AMMAN (Reuters) - Government forces killed at least 36 people, 14 of them children, in a bombardment of rebel-held areas on the outskirts of Damascus on Sunday, Syrian opposition activists said.
Video footage showed women weeping over the dismembered bodies of children strewn across a field in Eastern Ghouta, near an air defense base on the edge of the town of Muleiha, 5 km (3 miles) east of Damascus.
The air, rocket and artillery campaign is the heaviest since rebels overran a helicopter base and missile base near Damascus two months ago and encroached on the main international airport, inching steadily closer to the capital, the sources said.
Russia urged the rebels to make counter-proposals to those made by President Bashar al-Assad in a recent speech to start a dialogue that could end the fighting.
"If I were in the opposition's shoes, I would come up with my ideas in response on how to establish a dialogue," Russian Foreign Minister Sergei Lavrov said on Sunday.
"President Assad came out with initiatives aimed at inviting all opposition members to dialogue. Yes, these initiatives probably do not go far enough. Probably they will not seem serious to some, but they are proposals," Interfax news agency quoted Lavrov as saying.
Muleiha is the last major fortification in the area east of Damascus not yet to have fallen to the rebels. Assad's core troops and security personnel, mostly belonging to his minority Alawite sect, are entrenched in the capital.
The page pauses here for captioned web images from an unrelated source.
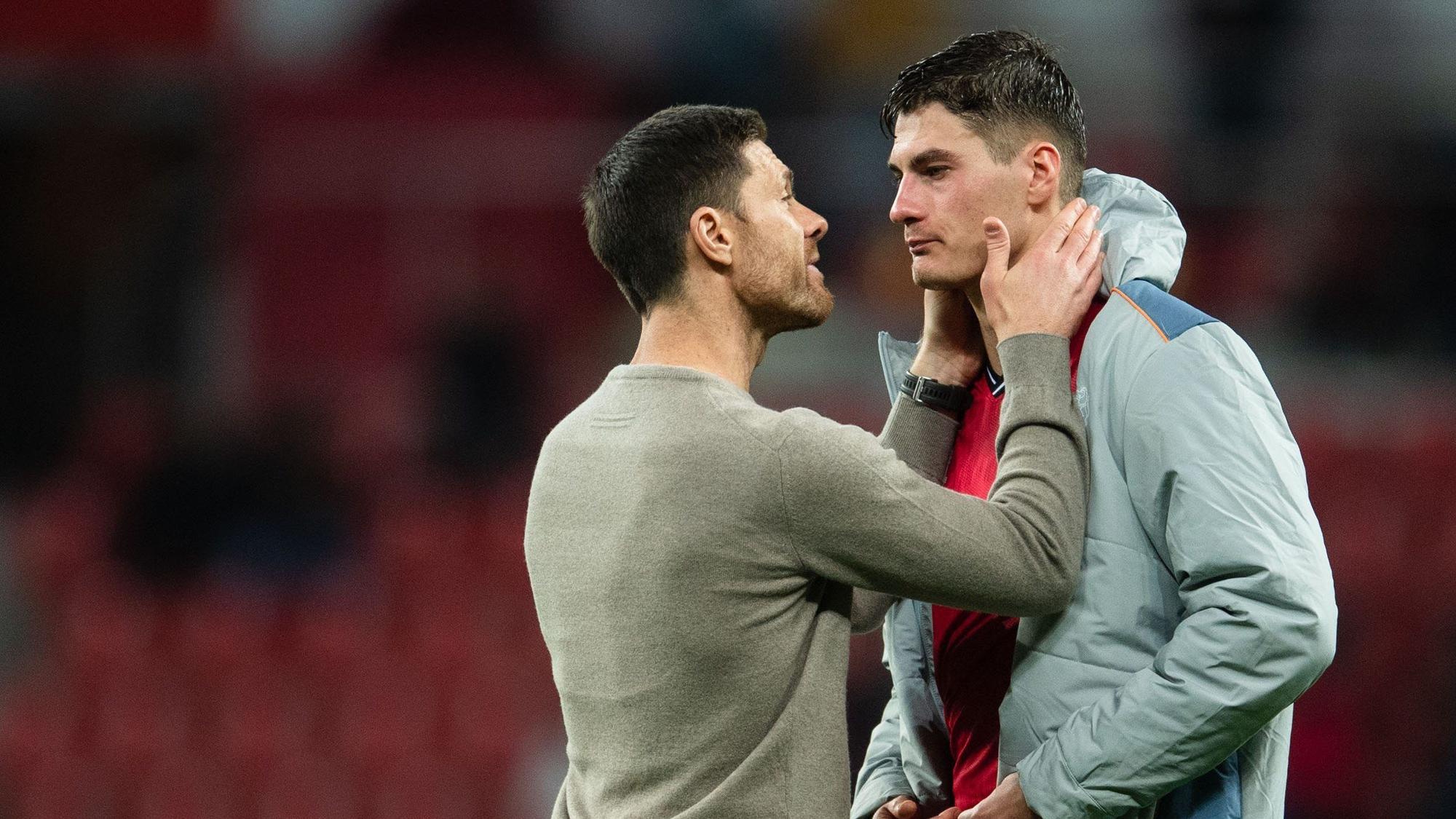 Leverkusens Trainer Xabi Alonso (l) tröstet im März Leverkusens Patrik Schick. Am Samstag könnte der Tscheche sein Comeback geben.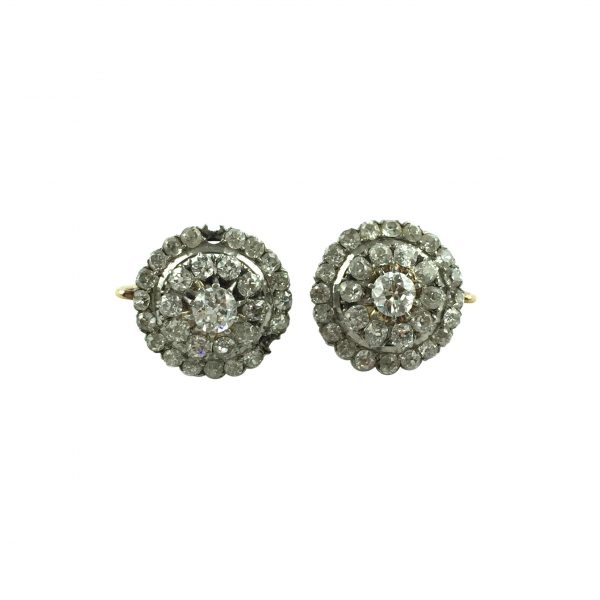 Par de caravanas en oro 18 K y brillantes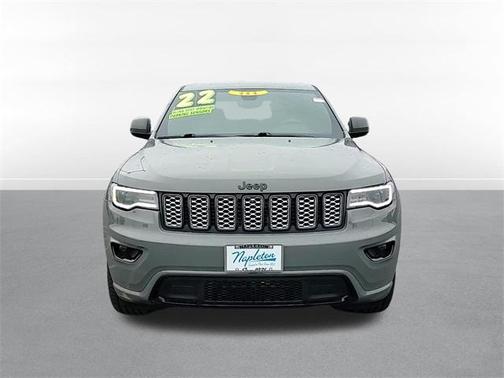 2022 Jeep Grand Cherokee Laredo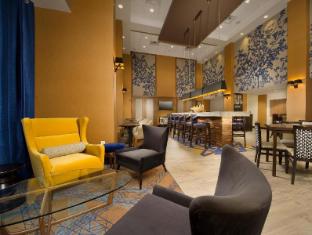 hampton inn and suites baltimore woodlawn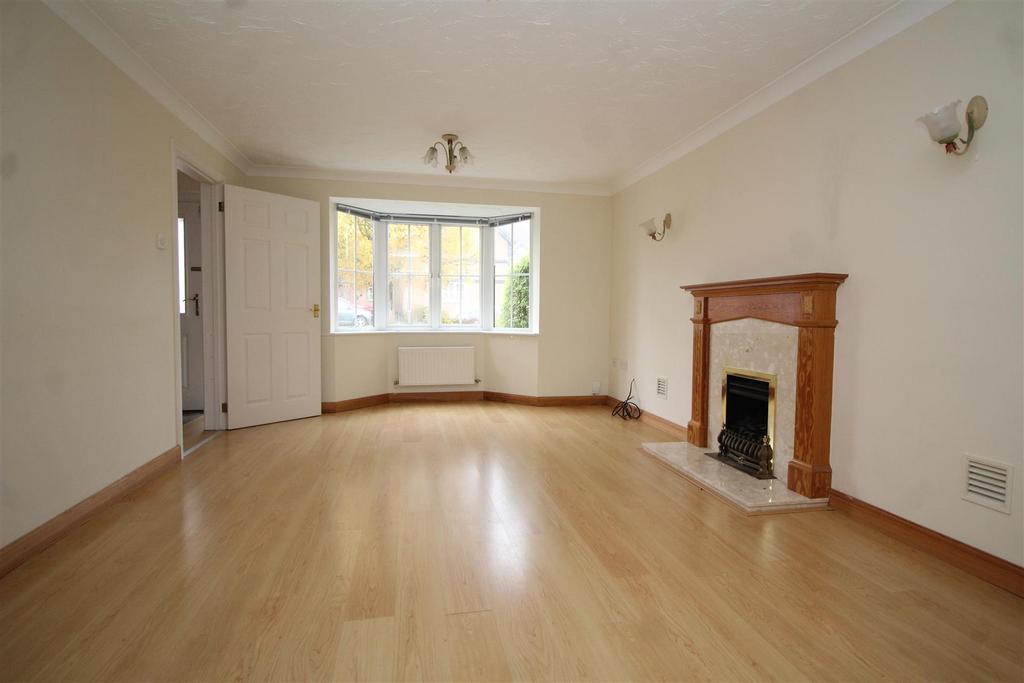 Gretton Close, Peterborough 4 bed detached house £340,000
"God is greater than you, Bashar," one activist says in the video as a youth carries the torso of a child. At least three of the dead were women, opposition sources said.
The footage was taken by activists and could not be independently verified.
Activist Yasmine al-Shami, speaking by phone from Damascus, said residential areas around Muleiha and in the working-class suburbs of Hazzeh, Kfar Batna and Douma were being heavily hit.
REGIME "GONE MAD"
"The regime has gone mad with bombardment today. Footage that has been coming in is heartbreaking. Among the dead is a mother, Heba al-Lahham, and her three children, who were playing in a field in Hazzeh," she said.
A report by the opposition Damascus Media Centre said rebels had been attacking the Muleiha base with rocket-propelled grenades and mortars for five days, and the army had fired over 600 rockets on the town in response.
"The base has a large numbers of tanks and armor and stockpiles of ammunition. There is information that the Free Syrian Army has destroyed five tanks and one armored vehicle," the report said.
A member of the group said Assad's forces were pounding civilian areas to try to weaken support for the rebels.
"This is the last base standing in the east between the rebels and Damascus. It is a huge compound and the regime is bombarding heavily to keep the rebels from mounting a concerted offensive to take it over," he said.
A commander in Liwa al-Islam, one of several rebel brigades fighting in the area, said the compound was well defended.
"Our objective is to take it, but it will not be immediate," he said.
The rebel accounts could not be independently confirmed and there were no state media reports of the fighting on Sunday.
Loyalist troops have been relying on air power and artillery and rockets stationed on Qasioun Mountain in Damascus and nearby bases to keep in check rebels who have taken over a series of Sunni Muslim suburbs ringing the city.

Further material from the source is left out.